Copy the lines of the data below exactly, starting at the first and stopping after the line that contains "Moskova, Rusya 9"; include no pictures.

--

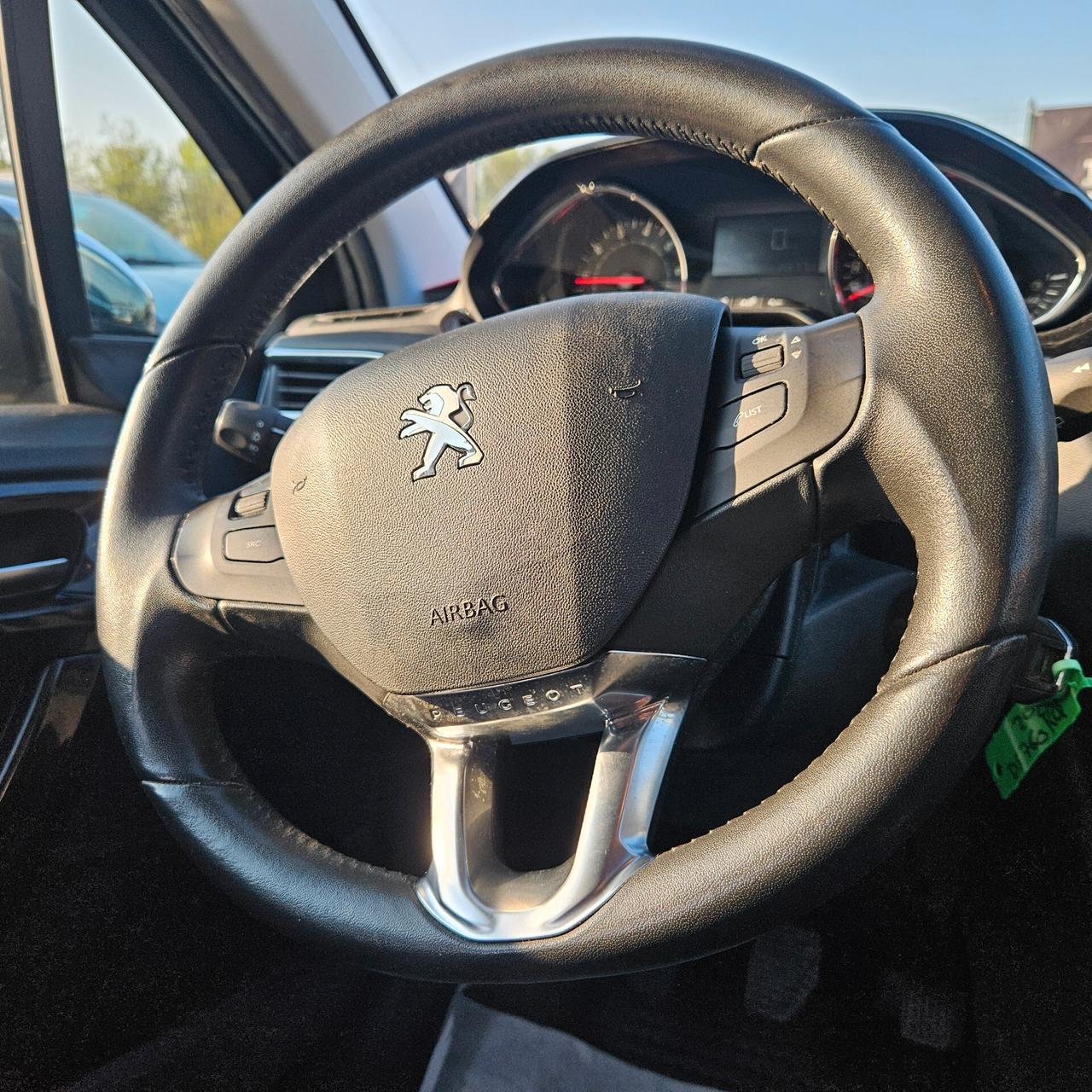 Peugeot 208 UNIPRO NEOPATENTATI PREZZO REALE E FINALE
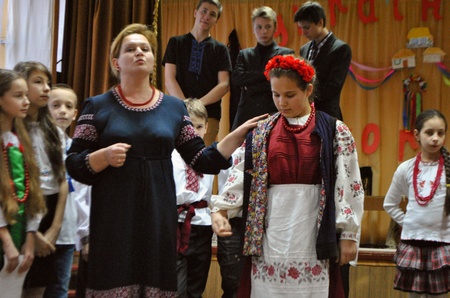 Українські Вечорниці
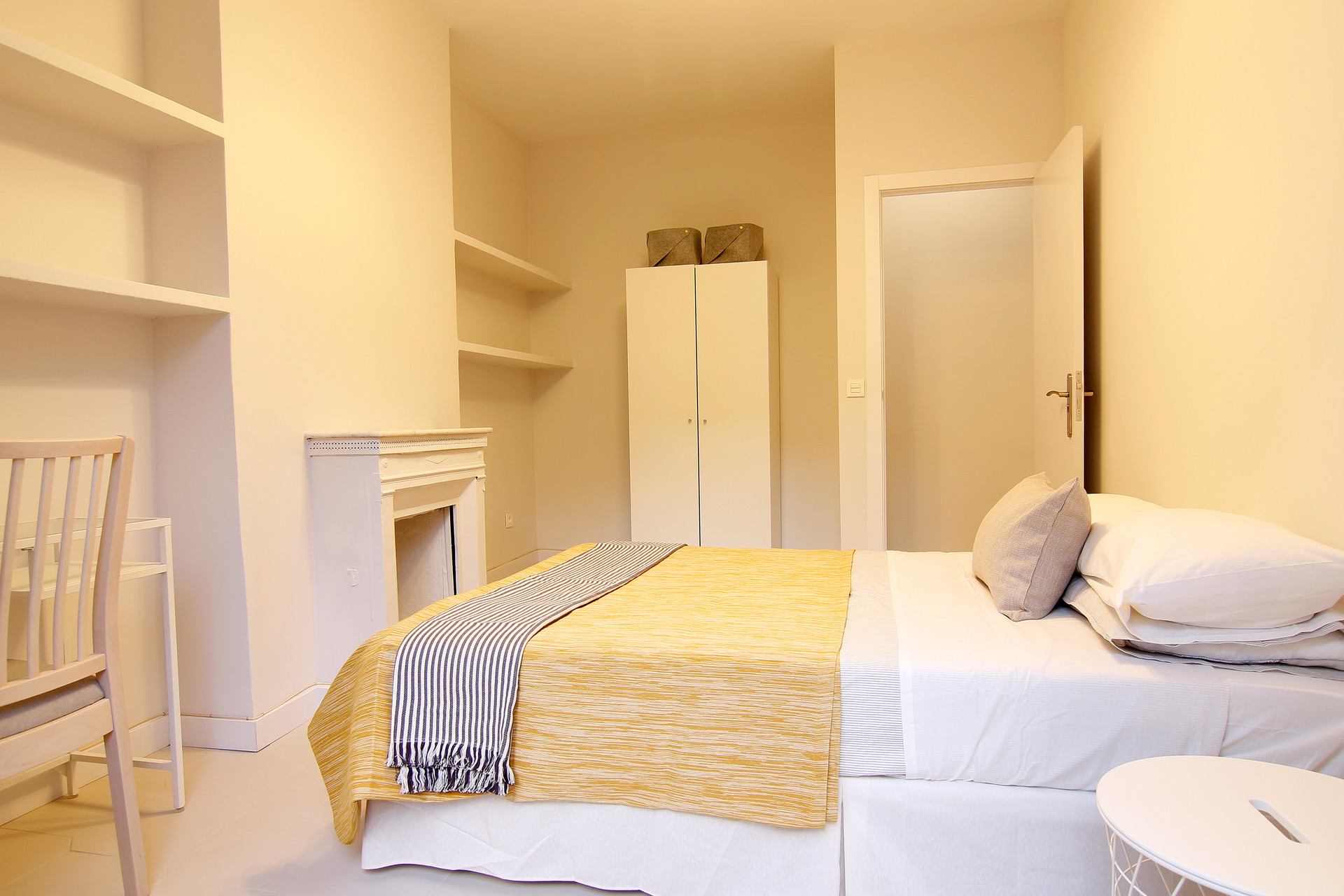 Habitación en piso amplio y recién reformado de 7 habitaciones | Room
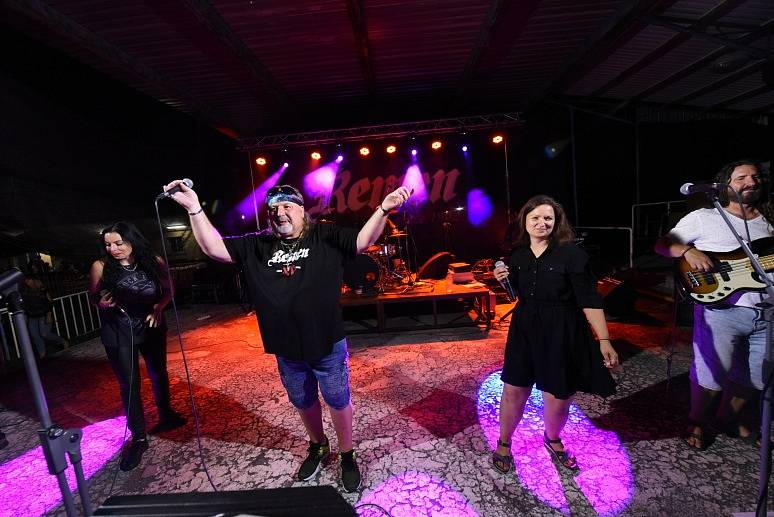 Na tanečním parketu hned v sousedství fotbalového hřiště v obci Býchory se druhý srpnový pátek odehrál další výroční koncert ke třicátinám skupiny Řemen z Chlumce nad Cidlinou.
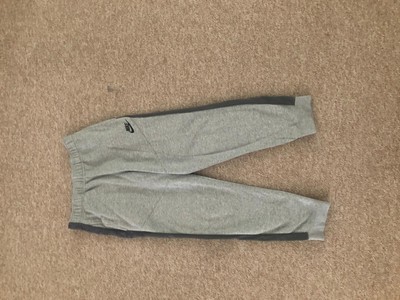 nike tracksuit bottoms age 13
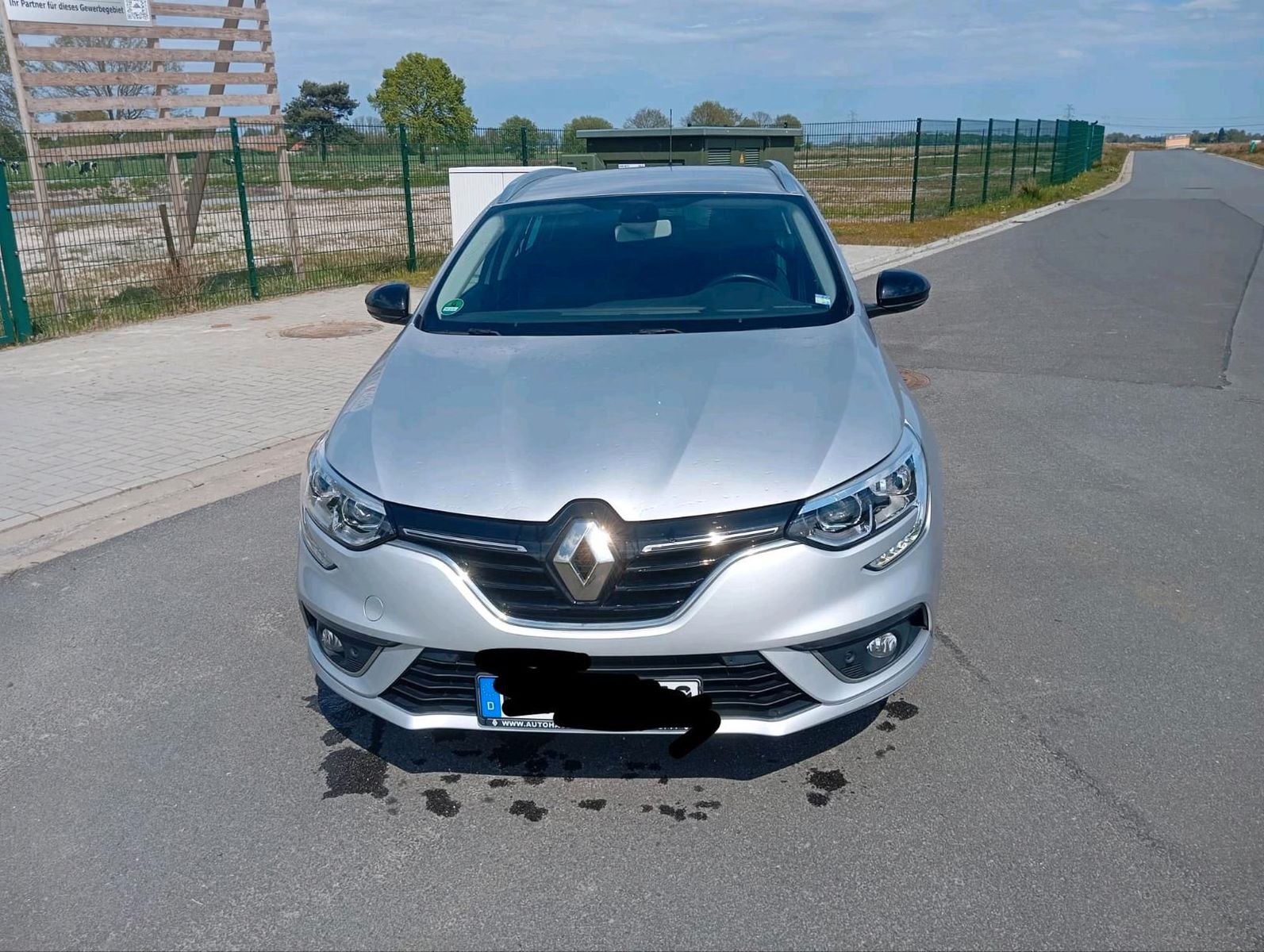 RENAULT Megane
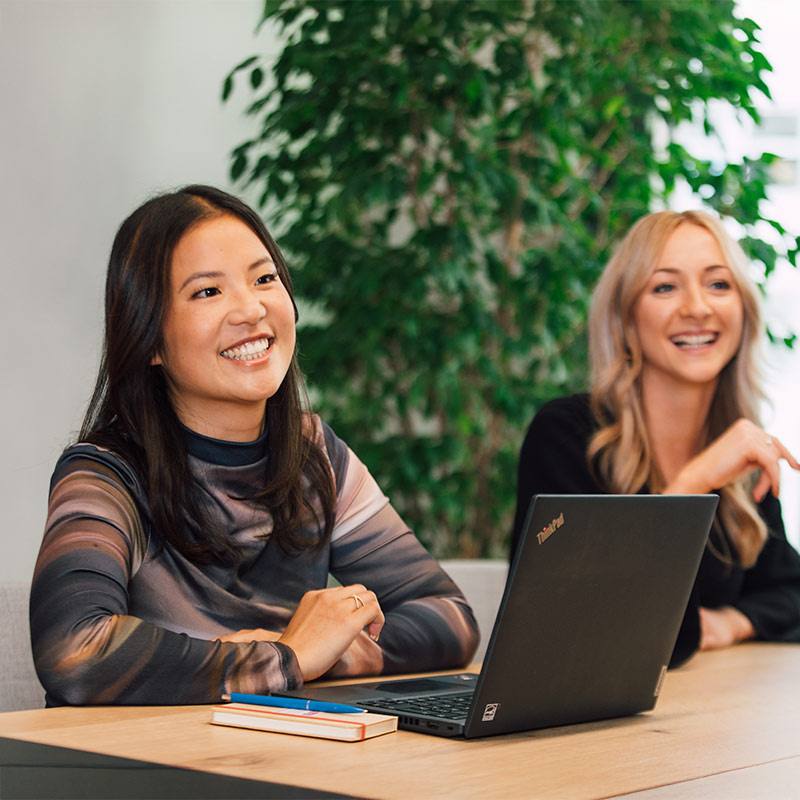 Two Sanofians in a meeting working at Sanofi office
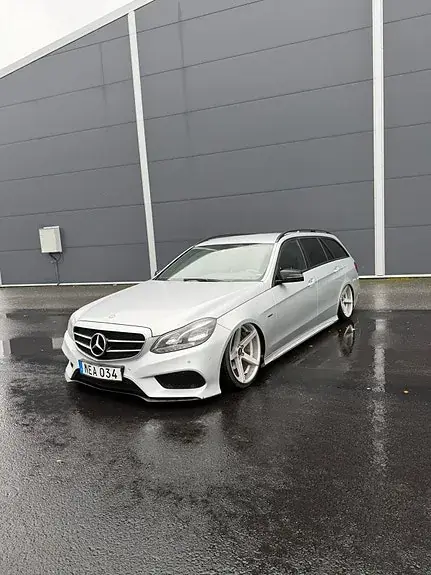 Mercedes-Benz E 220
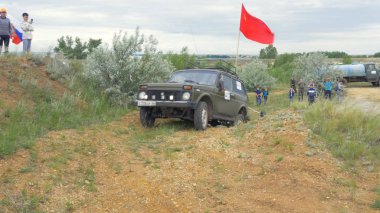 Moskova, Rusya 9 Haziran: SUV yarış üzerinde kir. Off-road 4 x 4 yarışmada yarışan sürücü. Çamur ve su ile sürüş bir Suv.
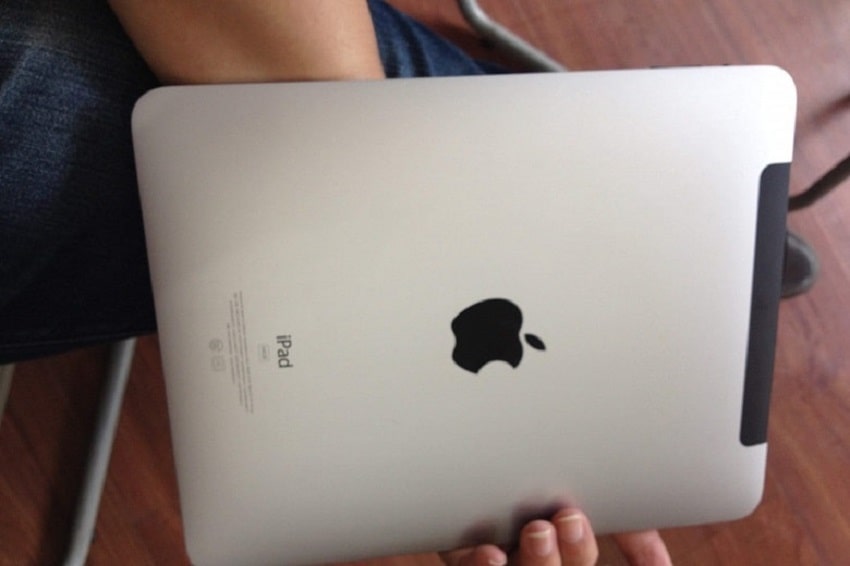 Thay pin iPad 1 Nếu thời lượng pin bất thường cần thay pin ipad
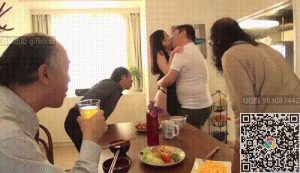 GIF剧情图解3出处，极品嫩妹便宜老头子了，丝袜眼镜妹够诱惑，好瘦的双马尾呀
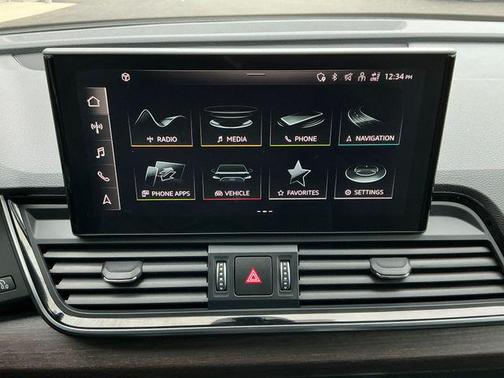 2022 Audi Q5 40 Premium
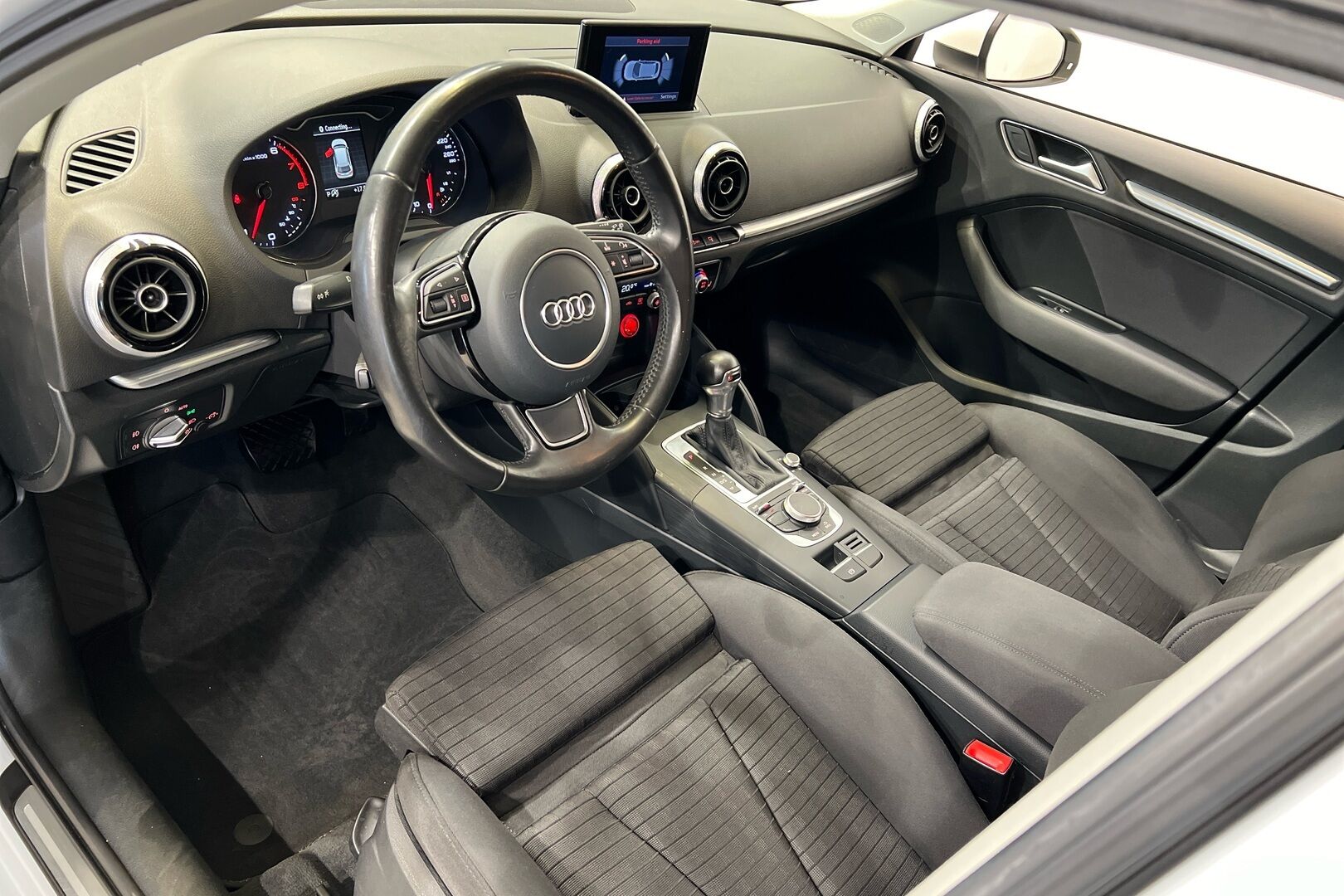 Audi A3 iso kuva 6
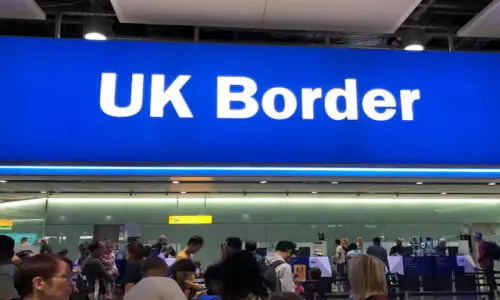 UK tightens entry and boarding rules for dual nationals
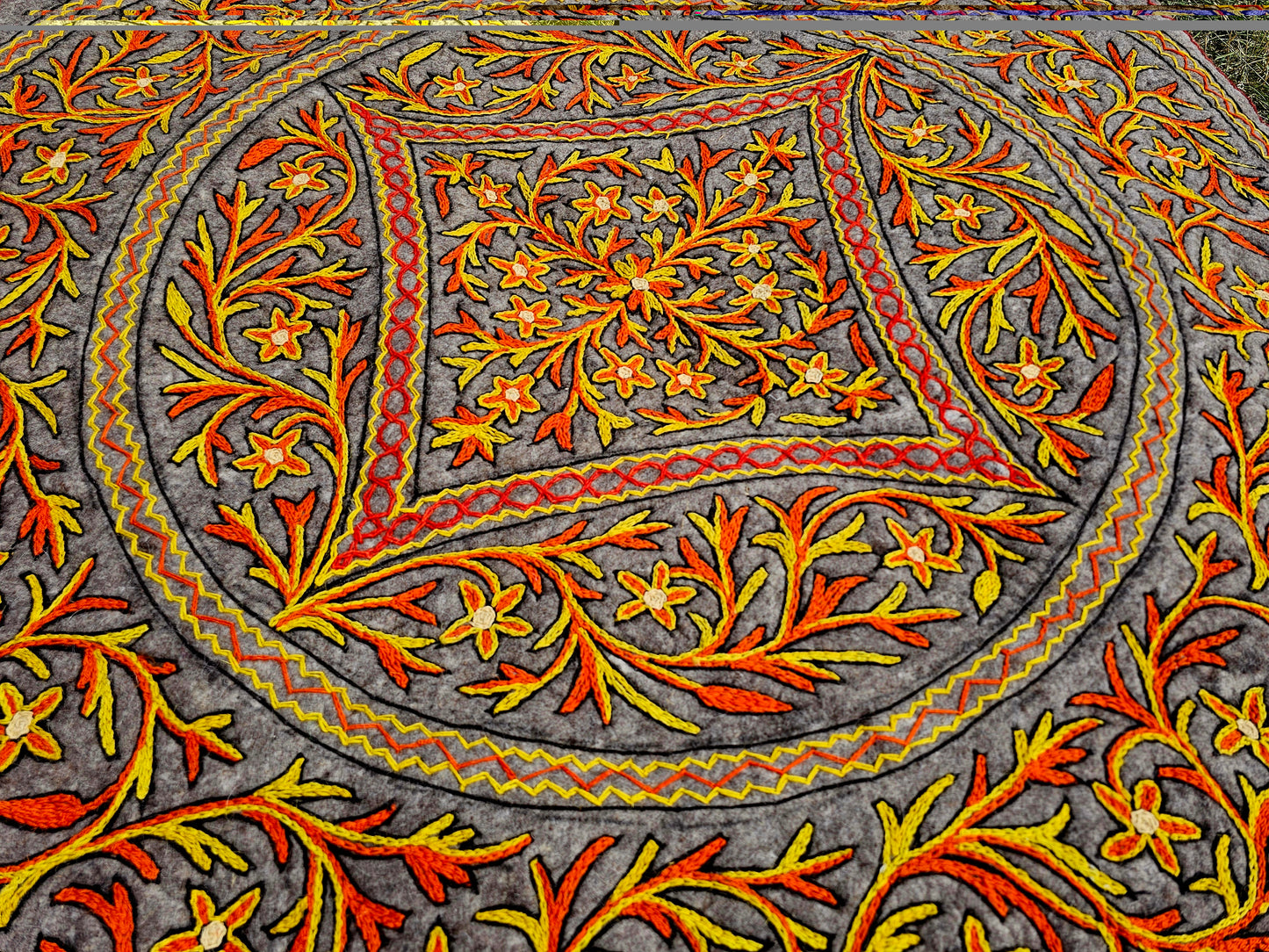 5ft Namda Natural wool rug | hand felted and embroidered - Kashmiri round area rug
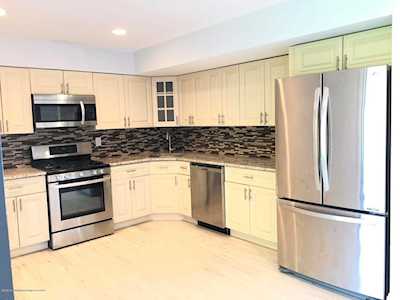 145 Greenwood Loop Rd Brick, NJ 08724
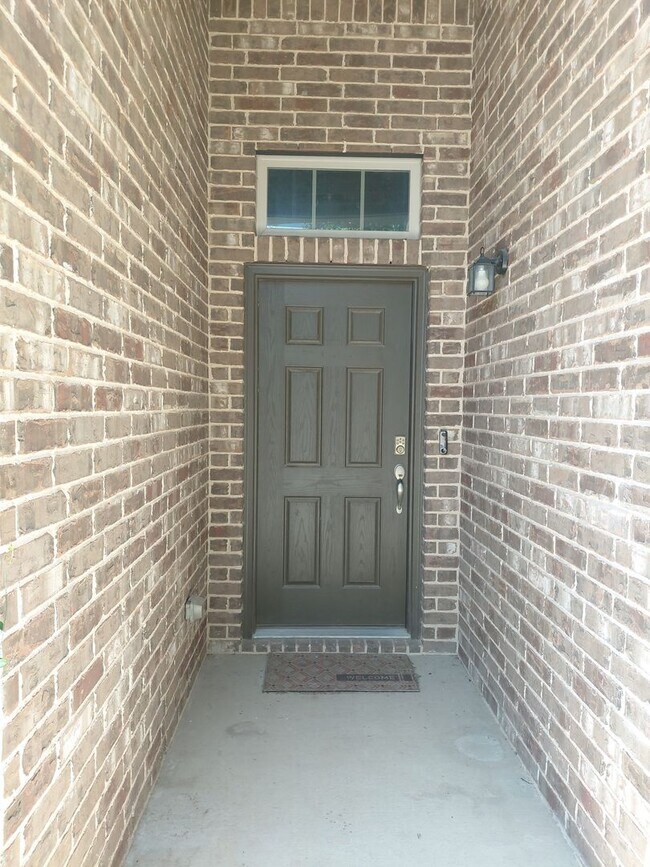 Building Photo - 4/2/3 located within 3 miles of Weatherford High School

--

> **COMPLETED TASK**
 Peugeot 208 UNIPRO NEOPATENTATI PREZZO REALE E FINALE
 Українські Вечорниці
 Habitación en piso amplio y recién reformado de 7 habitaciones | Room
 Na tanečním parketu hned v sousedství fotbalového hřiště v obci Býchory se druhý srpnový pátek odehrál další výroční koncert ke třicátinám skupiny Řemen z Chlumce nad Cidlinou.
 nike tracksuit bottoms age 13
 RENAULT Megane
 Two Sanofians in a meeting working at Sanofi office
 Mercedes-Benz E 220
 Moskova, Rusya 9 Haziran: SUV yarış üzerinde kir. Off-road 4 x 4 yarışmada yarışan sürücü. Çamur ve su ile sürüş bir Suv.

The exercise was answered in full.